TLDR
- Cardano whales accumulated over 120 million ADA tokens in the past 48 hours, marking an aggressive buying phase
- Short liquidations spiked to $251.21K while long liquidations remained low at $8.94K, indicating bearish traders were caught off guard
- Taker Buy Dominance turned positive in futures markets and funding rates shifted to +0.0109%, showing bullish sentiment
- ADA price is testing the upper boundary of a falling wedge pattern near $0.7242, approaching a potential breakout zone
- Technical analysis suggests price may target lower liquidity zones before a possible bounce from demand levels
Cardano whales have made their biggest move this quarter. Large holders accumulated over 120 million ADA tokens in just 48 hours.
The buying spree happened while ADA traded between $0.61 and $0.72. This price range has been stable despite the massive accumulation activity.

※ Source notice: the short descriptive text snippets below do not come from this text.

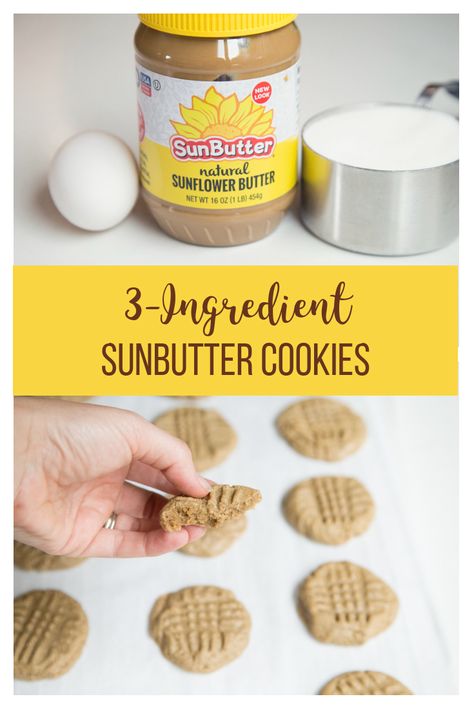 Sunbutter Cookies Gluten Free, Peanut Allergy Recipes, Sunflower Butter Desserts, Sunbutter No Bake Cookies, Recipes With Sunbutter, Sun Butter Cookies, Recipes With Sunflower Butter, Sunflower Seed Butter Cookies, Sun Butter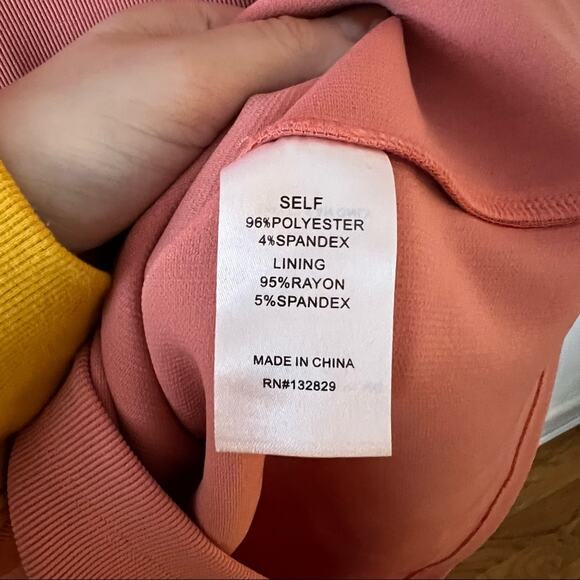 Revolve LPA Midi Dress 130 in Rose Pink - Picture 7 of 7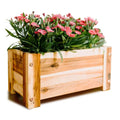 Acacia Wooden Planter Box Rectangular Wood Planter   Acacia Wood Plant Stand for Indoor or Outdoor Gardening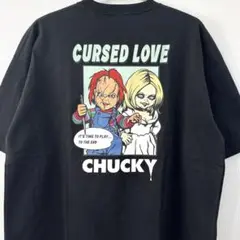 CHUCKY チャッキー Tシャツ 半袖 メンズＬ　ホラー 映画 ティファニー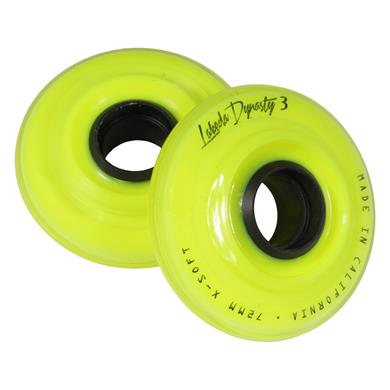 LABEDA Inline Wheels Dynasty III 4-Pack Yellow/Black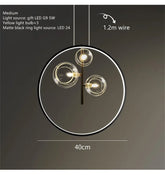 Modern Glass Bubbles Led Pendant Lights for Table Dining Room Kitchen Bar Chandeliers Lamps Home Decor Lusters Lighting Fixture Jonine&
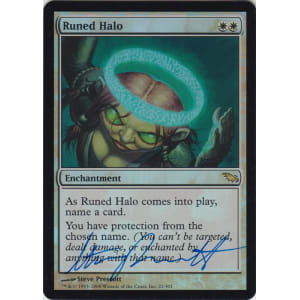 Runed Halo FOIL Signed by Steve Prescott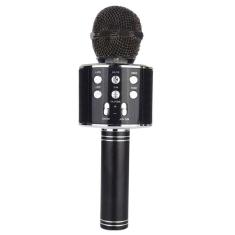 Microfone Karaokê Infantil Com Bluetooth Preto - Toyng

The whale activity suggests institutional or high-net-worth investors are positioning for a strategic play. Their confidence remains strong even without major price movement.
Market data shows these whales are backing their accumulation with futures activity. Taker Buy Dominance has turned positive in the derivatives market.
The 90-day Cumulative Volume Delta remains positive and continues rising. This reflects sustained buying pressure across both spot and futures markets.

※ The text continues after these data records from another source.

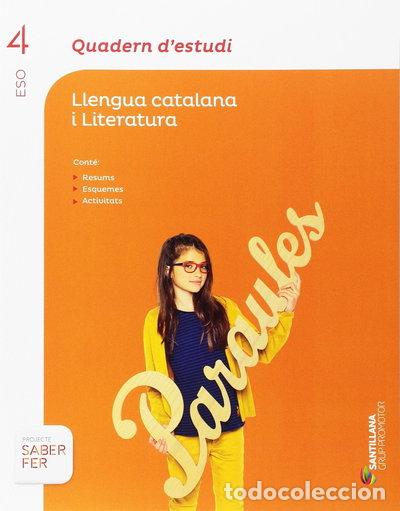 Livros em segunda m&atilde;o: Llengua catalana i literatura, 4 ESO. Quadern d'estudi- 9788490476581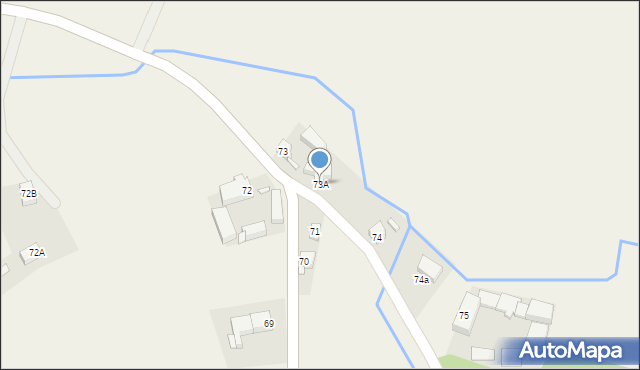 Sędzimirów, Sędzimirów, 73A, mapa Sędzimirów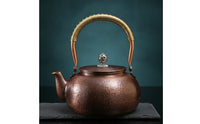 Copper Teapot Retro Hammered Teapot Removable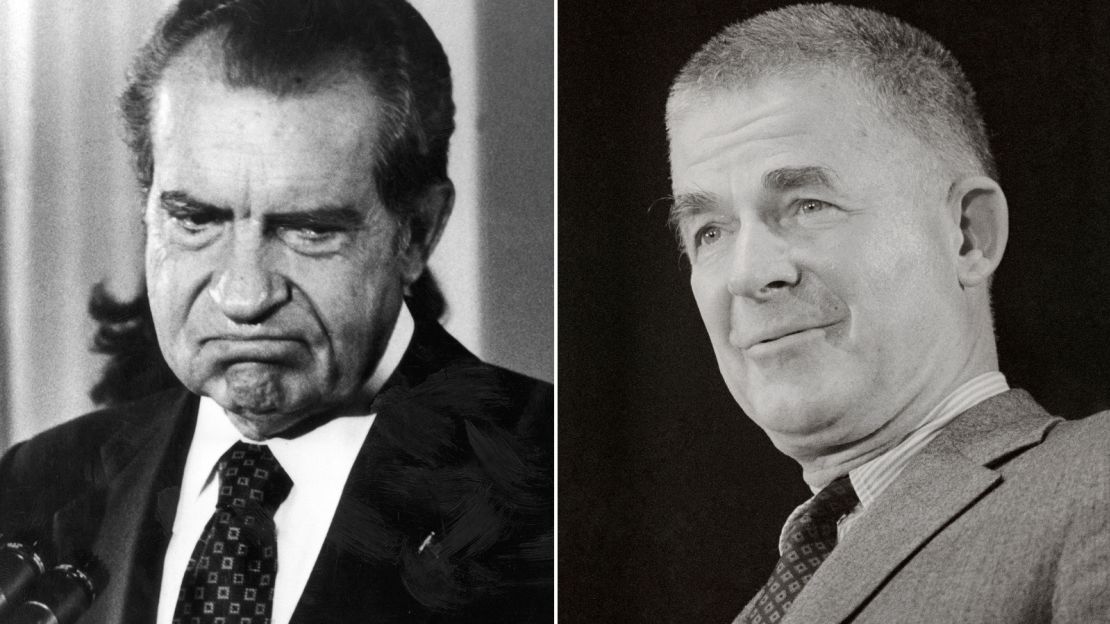 Richard Nixon, left, and Archibald Cox, right.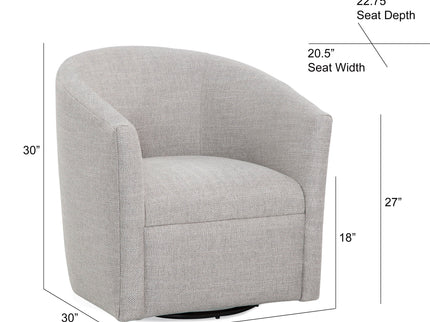Lainey - Swivel Barrel Chair With 360 Degree Rotation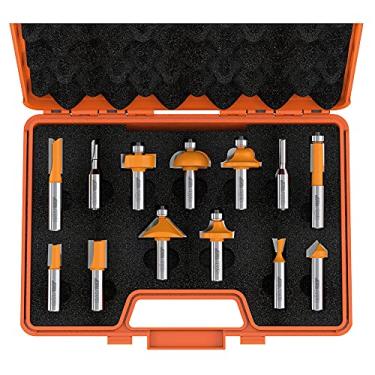 Imagem de Roteador de acabamento nivelado com rolamento duplo, 800.505.11, Orange Grey Metal, Flush Trim Router Bit with Double Bearing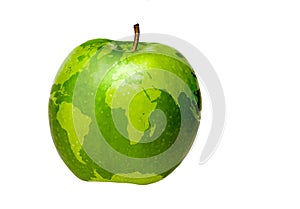 World Map Apple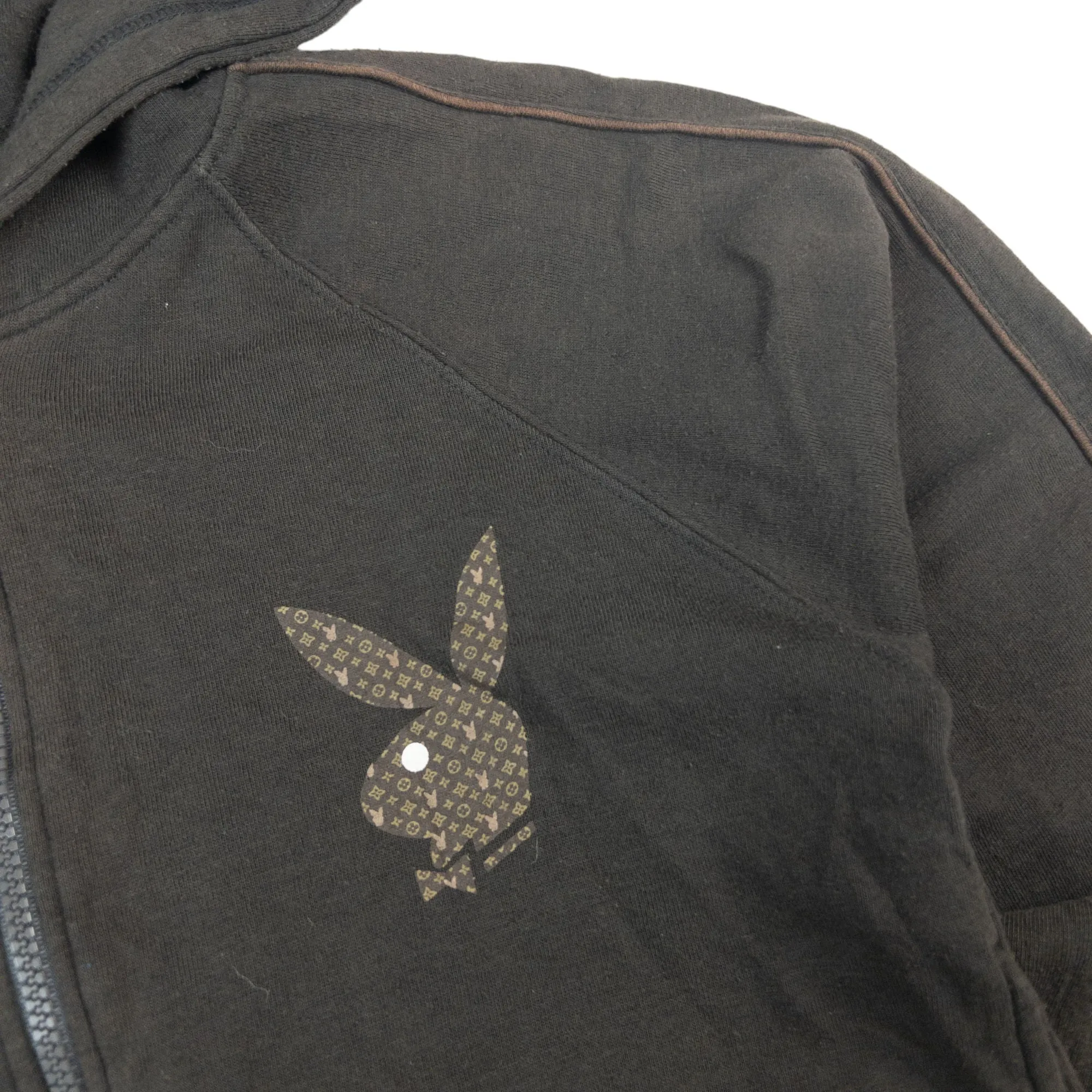 Vintage Playboy Monogram Zip Up Hoodie Womens Size M | Second Wave Vintage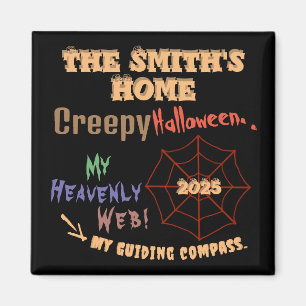 Personalisiertes, grauenhaftes Halloween-Spinnenne Magnet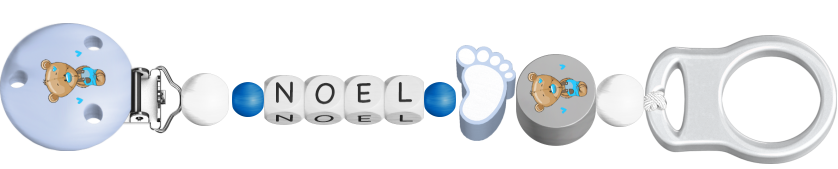 personalisierte Schnullerkette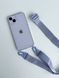 Прозорий чохол для iPhone 15 з ремінцем Clear Crossbody Glycine 2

Funding Rates Signal Bullish Shift
The OI-Weighted Funding Rate for ADA moved into positive territory at +0.0109%. This means long traders are now paying to hold their positions.
Positive funding rates indicate growing confidence in ADA’s upward potential. The shift represents a change in market sentiment from neutral to bullish.

Liquidation data reveals the impact of whale accumulation on market structure. Short liquidations totaled $251.21K compared to just $8.94K in long liquidations.

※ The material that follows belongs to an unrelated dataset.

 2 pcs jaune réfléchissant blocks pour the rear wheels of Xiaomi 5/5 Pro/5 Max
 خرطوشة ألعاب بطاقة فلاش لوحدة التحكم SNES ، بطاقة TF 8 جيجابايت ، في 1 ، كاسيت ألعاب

This imbalance caught many bearish traders off guard. The whale-driven price movement triggered stop-loss orders on short positions.
The cascading liquidations amplified the price action beyond what accumulation alone would create. Bears were squeezed out as prices moved higher.
Technical Pattern Points to Breakout Zone
ADA currently trades near $0.7242, testing the upper boundary of a long-term falling wedge pattern. Previous attempts to break this level have been rejected multiple times.

The combination of accumulation, liquidations, and momentum has pushed ADA into a potential breakout zone. The $0.8446 resistance level comes into focus if the wedge breaks.
MACD indicators show early signs of recovery on the daily timeframe. However, the wedge pattern remains valid until a confirmed breakout occurs.
Technical analysis suggests ADA may target liquidity below current levels before bouncing. Lower timeframe structure could provide confirmation signals for the next directional move.
The demand zone underneath current prices could act as support for a potential bounce. Smart money often targets these liquidity pockets before major moves.
Price action has been intense on the 4-hour timeframe with strong downward pressure. Yet the higher timeframe structure maintains its bullish bias.
The recent whale accumulation aligns with multiple bullish indicators across derivatives markets. Taker Buy dominance, positive funding rates, and retail confidence all point in the same direction.
However, ADA must maintain momentum and break past key resistance to confirm trend continuation. The coordination between accumulation and market structure changes suggests preparation for a larger move.
Current price action sits at $0.7242 as whales continue their accumulation strategy.